Scala is a hybrid functional/imperative object/actor language for the Java Virtual Machine which has recently gained notoriety by Twitter selecting it as the basis of their future development. My language Reia is also a hybrid functional/imperative object/actor language. You may think given these similarities I would like Scala... but I don't.
I originally tried Scala back in 2007, shortly after I started becoming proficient in Erlang. I was extremely interested in the actor model at the time, and Scala provides an actor model implementation. Aside from Erlang, it was one of the only languages besides Scheme and Io I had discovered which had attempted an actor model implementation, and Scala's actor support seemed heavily influenced by Erlang (even at the syntactic level). I was initially excited about Scala but slowly grew discontented with it.
At first I enjoyed being able to use objects within the sequential portions of my code and actors for the concurrent parts. This is an idea I would carry over into Ruby with
Revactor library, an actor model implementation I created for Ruby 1.9. Revactor let you write sequential code using normal Ruby objects, while using actors for concurrency. Like Scala, Revactor was heavily influenced by Erlang, to the point that I had created an API almost virtually identical translation of Erlang's actor API to Ruby as
MenTaLguY had in his actor library called
Omnibus. MenTaLguY is perhaps the most concurrency-aware Ruby developer I have ever met, so I felt I may be on to something.
However, rather quickly I discovered something about using actors and objects in the same program: there was considerable overlap in what actors and objects do. More and more I found myself trying to reinvent objects with actors. I also began to realize that Scala was running into this problem as well. There were some particularly egregious cases. What follows is the most insidious one.
The WTF Operator
One of the most common patterns in actor-based programs is the Remote Procedure Call or RPC. As the actor protocol is asynchronous, RPCs provide synchronous calls in the form of two asynchronous messages, a request and a response.
RPCs are extremely prevalent in actor-based programming, to the point that
Joe Armstrong, creator of Erlang, says:
95% of the time standard synchronous RPCs will work - but not all the
time, that's why it's nice to be able to open up things and muck around at the
message passing level.
Seeing RPCs as exceedingly common, the creators of Scala created an operator for it: "
!?"WTF?! While it's easy to poke fun at an operator that resembles an interrobang, the duplicated semantics of this operator are what I dislike. To illustrate the point, let me show you some Scala code:
response = receiver !? requestand the equivalent code in Reia:
response = receiver.request()Reia can use the standard method invocation syntax because in Reia, all objects are actors. Scala takes an "everything is an object" approach, with actors being an additional entity which duplicates some, but not all, of the functions of objects. In Scala, actors are objects, whereas in Reia objects are actors.

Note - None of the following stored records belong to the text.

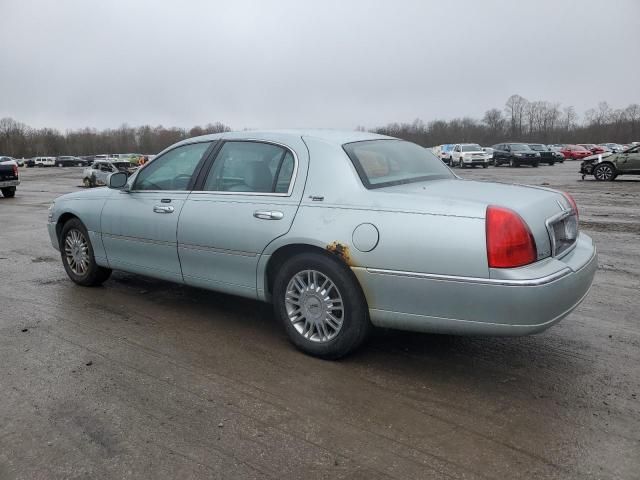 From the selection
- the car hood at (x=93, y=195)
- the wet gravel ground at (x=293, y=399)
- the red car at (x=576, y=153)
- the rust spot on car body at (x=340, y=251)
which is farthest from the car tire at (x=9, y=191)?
the red car at (x=576, y=153)

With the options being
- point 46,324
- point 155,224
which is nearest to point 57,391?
point 46,324

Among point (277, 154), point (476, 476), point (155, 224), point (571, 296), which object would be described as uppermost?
point (277, 154)

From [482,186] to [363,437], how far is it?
2.01 metres

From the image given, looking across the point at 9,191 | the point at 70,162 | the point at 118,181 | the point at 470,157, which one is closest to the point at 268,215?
the point at 118,181

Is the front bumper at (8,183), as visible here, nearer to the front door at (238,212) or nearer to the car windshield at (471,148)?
the front door at (238,212)

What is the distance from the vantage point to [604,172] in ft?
78.7

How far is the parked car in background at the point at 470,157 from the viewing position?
39844 mm

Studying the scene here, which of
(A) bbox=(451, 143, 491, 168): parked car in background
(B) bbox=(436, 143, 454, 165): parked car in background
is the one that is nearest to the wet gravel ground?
(A) bbox=(451, 143, 491, 168): parked car in background

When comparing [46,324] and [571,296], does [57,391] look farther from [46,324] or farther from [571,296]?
[571,296]

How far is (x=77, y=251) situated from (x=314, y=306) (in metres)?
3.32

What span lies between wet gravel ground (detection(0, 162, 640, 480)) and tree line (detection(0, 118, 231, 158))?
107m

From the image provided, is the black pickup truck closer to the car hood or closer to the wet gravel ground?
the car hood

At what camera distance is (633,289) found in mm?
5711

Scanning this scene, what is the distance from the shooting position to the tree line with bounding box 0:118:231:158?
112m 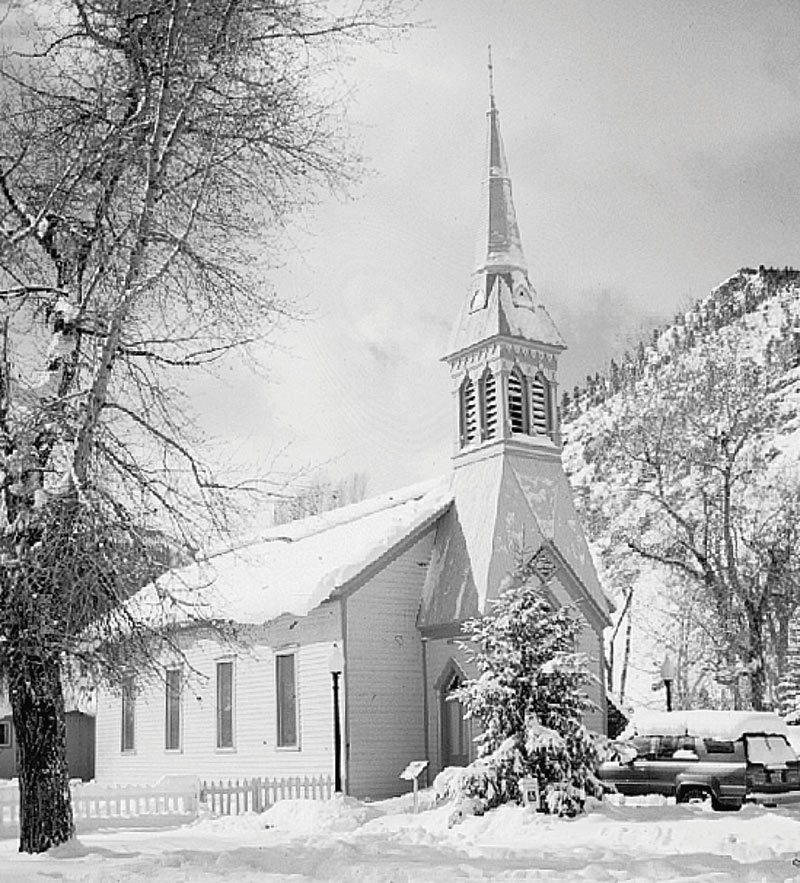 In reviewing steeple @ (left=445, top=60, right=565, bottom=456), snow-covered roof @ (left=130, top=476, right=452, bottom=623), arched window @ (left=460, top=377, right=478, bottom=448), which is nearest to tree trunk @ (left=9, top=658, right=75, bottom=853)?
snow-covered roof @ (left=130, top=476, right=452, bottom=623)

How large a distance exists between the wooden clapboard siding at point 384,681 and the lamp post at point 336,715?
25 centimetres

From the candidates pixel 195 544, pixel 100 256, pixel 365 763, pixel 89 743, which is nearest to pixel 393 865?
pixel 195 544

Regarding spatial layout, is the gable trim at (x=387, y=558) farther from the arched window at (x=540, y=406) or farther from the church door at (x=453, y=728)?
the arched window at (x=540, y=406)

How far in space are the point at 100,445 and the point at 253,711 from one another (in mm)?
14900

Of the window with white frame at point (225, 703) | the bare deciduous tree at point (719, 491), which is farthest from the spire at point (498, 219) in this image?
the window with white frame at point (225, 703)

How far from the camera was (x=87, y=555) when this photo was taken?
11.4 meters

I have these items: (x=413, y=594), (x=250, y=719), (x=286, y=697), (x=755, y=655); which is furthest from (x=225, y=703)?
(x=755, y=655)

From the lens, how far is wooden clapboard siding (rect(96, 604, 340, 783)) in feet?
78.9

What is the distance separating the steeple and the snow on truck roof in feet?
22.5

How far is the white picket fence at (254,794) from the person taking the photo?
2122 cm

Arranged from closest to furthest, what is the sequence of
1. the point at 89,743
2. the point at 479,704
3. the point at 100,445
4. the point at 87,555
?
the point at 87,555, the point at 100,445, the point at 479,704, the point at 89,743

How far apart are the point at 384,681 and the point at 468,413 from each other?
6.30 meters

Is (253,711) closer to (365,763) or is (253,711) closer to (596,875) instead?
(365,763)

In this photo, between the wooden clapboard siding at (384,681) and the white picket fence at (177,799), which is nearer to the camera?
the white picket fence at (177,799) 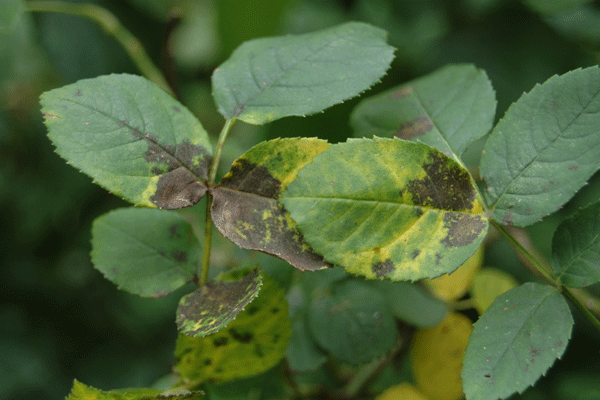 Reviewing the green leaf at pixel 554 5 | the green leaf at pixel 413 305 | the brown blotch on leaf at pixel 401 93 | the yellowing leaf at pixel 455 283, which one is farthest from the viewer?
the green leaf at pixel 554 5

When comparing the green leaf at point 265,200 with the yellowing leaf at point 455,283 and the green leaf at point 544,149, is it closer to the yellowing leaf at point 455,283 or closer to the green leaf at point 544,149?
the green leaf at point 544,149

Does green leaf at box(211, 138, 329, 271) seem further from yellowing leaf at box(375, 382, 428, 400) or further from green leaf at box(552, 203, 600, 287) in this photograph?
yellowing leaf at box(375, 382, 428, 400)

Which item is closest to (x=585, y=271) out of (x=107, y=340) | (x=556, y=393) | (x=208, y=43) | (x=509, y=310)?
(x=509, y=310)

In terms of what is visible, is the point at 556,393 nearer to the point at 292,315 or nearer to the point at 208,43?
the point at 292,315

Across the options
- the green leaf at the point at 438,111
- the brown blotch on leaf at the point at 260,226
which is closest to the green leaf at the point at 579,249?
the green leaf at the point at 438,111

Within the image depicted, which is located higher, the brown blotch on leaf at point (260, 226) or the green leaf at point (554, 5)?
the green leaf at point (554, 5)

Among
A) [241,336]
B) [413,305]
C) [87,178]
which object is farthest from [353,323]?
[87,178] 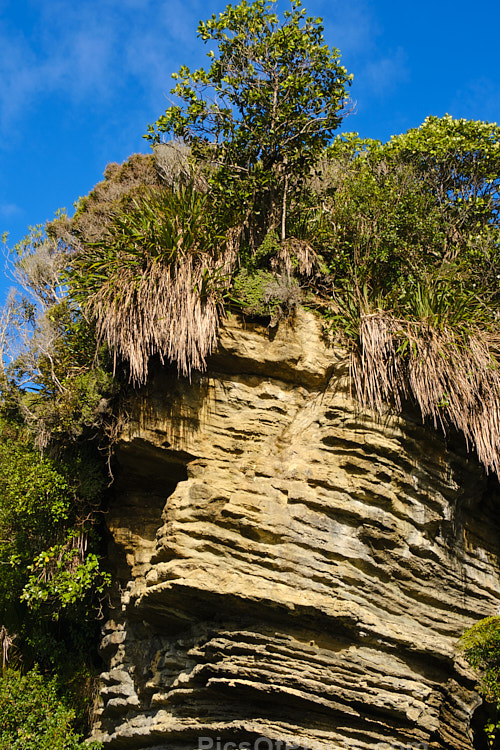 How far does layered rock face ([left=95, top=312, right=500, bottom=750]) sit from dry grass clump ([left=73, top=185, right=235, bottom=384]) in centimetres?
43

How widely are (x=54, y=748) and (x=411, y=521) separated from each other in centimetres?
485

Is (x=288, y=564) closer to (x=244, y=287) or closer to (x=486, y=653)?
(x=486, y=653)

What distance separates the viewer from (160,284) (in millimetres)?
7691

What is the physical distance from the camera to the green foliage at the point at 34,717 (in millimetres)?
7641

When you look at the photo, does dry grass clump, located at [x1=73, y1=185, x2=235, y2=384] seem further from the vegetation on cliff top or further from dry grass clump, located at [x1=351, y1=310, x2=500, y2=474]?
dry grass clump, located at [x1=351, y1=310, x2=500, y2=474]

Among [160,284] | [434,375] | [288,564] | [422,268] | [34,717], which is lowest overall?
[34,717]

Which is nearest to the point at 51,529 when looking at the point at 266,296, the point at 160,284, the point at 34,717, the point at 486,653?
the point at 34,717

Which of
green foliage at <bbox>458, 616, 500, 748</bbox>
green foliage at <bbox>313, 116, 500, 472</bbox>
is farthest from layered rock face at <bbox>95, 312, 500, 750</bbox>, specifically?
green foliage at <bbox>313, 116, 500, 472</bbox>

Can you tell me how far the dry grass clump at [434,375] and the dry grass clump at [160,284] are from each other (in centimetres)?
186

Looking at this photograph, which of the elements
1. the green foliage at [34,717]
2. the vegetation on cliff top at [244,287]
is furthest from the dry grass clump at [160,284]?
the green foliage at [34,717]

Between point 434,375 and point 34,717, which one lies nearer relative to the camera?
point 434,375

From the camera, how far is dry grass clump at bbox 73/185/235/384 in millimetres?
7555

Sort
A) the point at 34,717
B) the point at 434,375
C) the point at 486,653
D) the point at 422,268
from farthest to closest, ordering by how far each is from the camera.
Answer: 1. the point at 422,268
2. the point at 34,717
3. the point at 434,375
4. the point at 486,653

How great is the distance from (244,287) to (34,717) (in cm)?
575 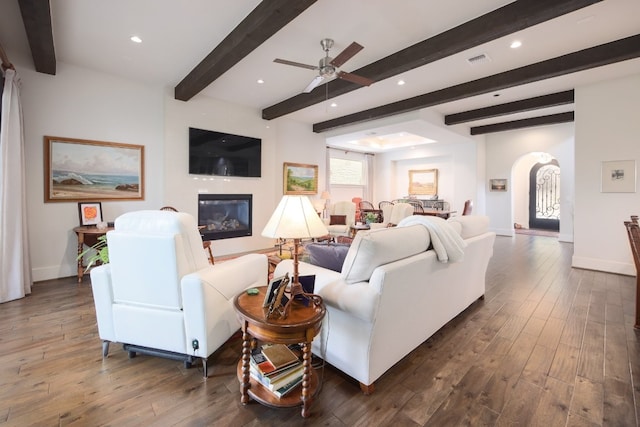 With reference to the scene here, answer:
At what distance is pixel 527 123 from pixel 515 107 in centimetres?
171

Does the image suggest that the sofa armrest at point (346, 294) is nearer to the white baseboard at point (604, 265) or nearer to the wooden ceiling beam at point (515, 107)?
the white baseboard at point (604, 265)

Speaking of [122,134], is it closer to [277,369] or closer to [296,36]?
[296,36]

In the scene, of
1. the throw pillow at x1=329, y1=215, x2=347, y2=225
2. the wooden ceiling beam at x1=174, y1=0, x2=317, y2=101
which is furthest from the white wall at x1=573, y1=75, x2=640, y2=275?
the wooden ceiling beam at x1=174, y1=0, x2=317, y2=101

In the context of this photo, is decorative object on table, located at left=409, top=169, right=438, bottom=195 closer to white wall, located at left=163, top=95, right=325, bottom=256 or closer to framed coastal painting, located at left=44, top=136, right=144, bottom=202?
white wall, located at left=163, top=95, right=325, bottom=256

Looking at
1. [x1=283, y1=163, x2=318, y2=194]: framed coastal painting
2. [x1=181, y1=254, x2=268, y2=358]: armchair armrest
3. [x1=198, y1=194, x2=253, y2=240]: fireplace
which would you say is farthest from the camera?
[x1=283, y1=163, x2=318, y2=194]: framed coastal painting

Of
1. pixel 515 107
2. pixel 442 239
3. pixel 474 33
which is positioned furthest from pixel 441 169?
pixel 442 239

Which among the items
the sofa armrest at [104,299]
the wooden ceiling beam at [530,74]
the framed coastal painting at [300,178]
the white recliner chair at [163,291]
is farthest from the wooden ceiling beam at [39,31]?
the wooden ceiling beam at [530,74]

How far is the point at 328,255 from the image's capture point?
215 centimetres

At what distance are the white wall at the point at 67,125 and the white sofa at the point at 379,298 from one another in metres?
3.63

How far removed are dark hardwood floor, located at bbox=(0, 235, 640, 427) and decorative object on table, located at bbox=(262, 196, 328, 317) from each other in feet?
2.49

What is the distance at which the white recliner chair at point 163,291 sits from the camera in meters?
1.83

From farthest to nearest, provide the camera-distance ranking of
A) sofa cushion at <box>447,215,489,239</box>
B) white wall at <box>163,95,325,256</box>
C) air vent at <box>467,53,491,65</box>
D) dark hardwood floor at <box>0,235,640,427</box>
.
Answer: white wall at <box>163,95,325,256</box>
air vent at <box>467,53,491,65</box>
sofa cushion at <box>447,215,489,239</box>
dark hardwood floor at <box>0,235,640,427</box>

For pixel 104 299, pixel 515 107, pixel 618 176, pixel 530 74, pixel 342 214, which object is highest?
pixel 515 107

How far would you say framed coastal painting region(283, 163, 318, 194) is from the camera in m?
6.53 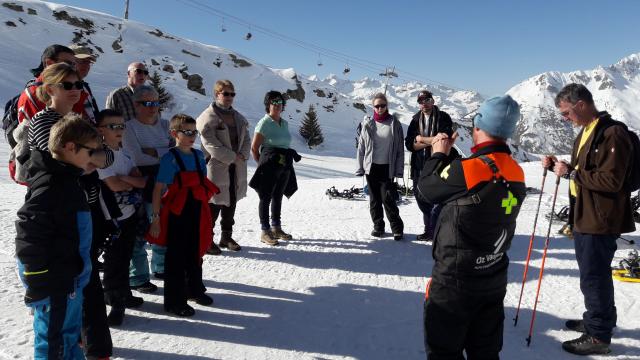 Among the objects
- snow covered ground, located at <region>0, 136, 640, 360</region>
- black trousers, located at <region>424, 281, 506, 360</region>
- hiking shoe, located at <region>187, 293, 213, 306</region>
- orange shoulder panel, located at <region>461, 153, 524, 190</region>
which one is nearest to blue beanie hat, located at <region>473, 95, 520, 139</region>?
orange shoulder panel, located at <region>461, 153, 524, 190</region>

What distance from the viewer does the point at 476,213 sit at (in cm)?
223

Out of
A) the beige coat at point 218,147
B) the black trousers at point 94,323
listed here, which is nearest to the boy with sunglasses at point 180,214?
the black trousers at point 94,323

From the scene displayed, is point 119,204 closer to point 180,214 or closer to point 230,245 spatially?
point 180,214

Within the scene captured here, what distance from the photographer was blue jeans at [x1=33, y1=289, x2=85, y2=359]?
2.22m

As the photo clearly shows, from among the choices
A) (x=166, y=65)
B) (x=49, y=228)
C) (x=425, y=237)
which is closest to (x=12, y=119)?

Scala's object model borrows heavily from Java, which is in turn largely inspired by C++. In this model, objects are effectively just states, and method calls (a.k.a. "sending a message to an object") are little more than function calls which act upon and mutate those states.
Scala also implements the actor model, which is in turn inspired by Smalltalk and its messaging-based approach to object orientation. The result is a language which straddles two worlds: objects acted upon by function calls, and actors which are acted upon by messages.
Furthermore, Scala's actors fall prey
Clojure creator Rich Hickey's concerns about actor-based languages:
It reduces your flexibility in modeling - this is a world in which everyone sits in a windowless room and communicates only by mail. Programs are decomposed as piles of blocking switch statements. You can only handle messages you anticipated receiving. Coordinating activities involving multiple actors is very difficult. You can't observe anything without its cooperation/coordination - making ad-hoc reporting or analysis impossible, instead forcing every actor to participate in each protocol.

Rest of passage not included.